▶ [Assignment]: Could you copy out all the lines in the material below where the word "with" occurs?

** Opening Task input block **

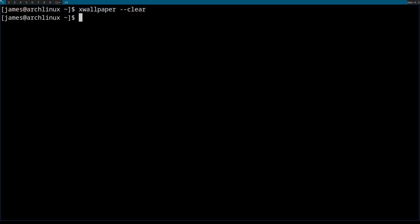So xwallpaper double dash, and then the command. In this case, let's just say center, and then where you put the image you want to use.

** Closing Task input block **
** Opening Task input block **

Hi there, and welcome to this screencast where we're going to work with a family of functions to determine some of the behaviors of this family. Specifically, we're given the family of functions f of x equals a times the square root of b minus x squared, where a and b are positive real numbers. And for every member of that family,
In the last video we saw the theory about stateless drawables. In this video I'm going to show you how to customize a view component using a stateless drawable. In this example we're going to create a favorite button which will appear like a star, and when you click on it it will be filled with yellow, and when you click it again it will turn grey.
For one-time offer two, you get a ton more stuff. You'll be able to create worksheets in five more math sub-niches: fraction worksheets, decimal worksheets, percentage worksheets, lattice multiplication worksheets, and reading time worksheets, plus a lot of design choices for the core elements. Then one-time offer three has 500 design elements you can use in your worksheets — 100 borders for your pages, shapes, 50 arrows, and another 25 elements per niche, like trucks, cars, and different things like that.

** Closing Task input block **
** Opening Task input block **

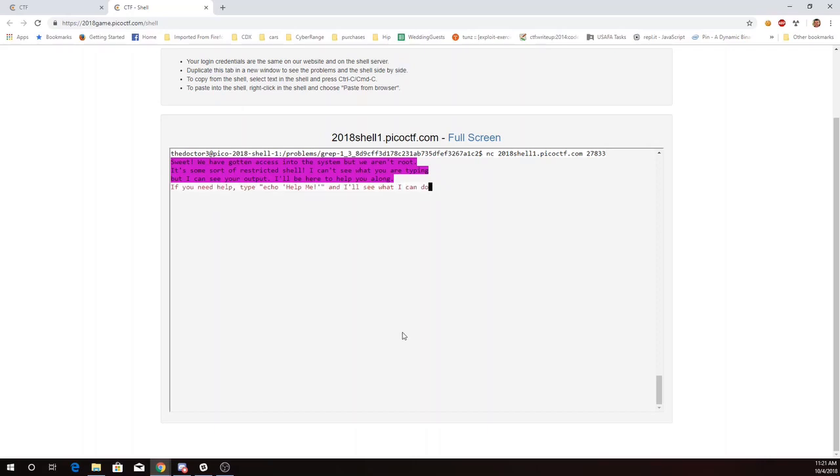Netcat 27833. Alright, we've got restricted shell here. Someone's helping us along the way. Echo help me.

** Closing Task input block **

▶ [Reply to the exercise]:
Hi there, and welcome to this screencast where we're going to work with a family of functions to determine some of the behaviors of this family. Specifically, we're given the family of functions f of x equals a times the square root of b minus x squared, where a and b are positive real numbers. And for every member of that family,
In the last video we saw the theory about stateless drawables. In this video I'm going to show you how to customize a view component using a stateless drawable. In this example we're going to create a favorite button which will appear like a star, and when you click on it it will be filled with yellow, and when you click it again it will turn grey.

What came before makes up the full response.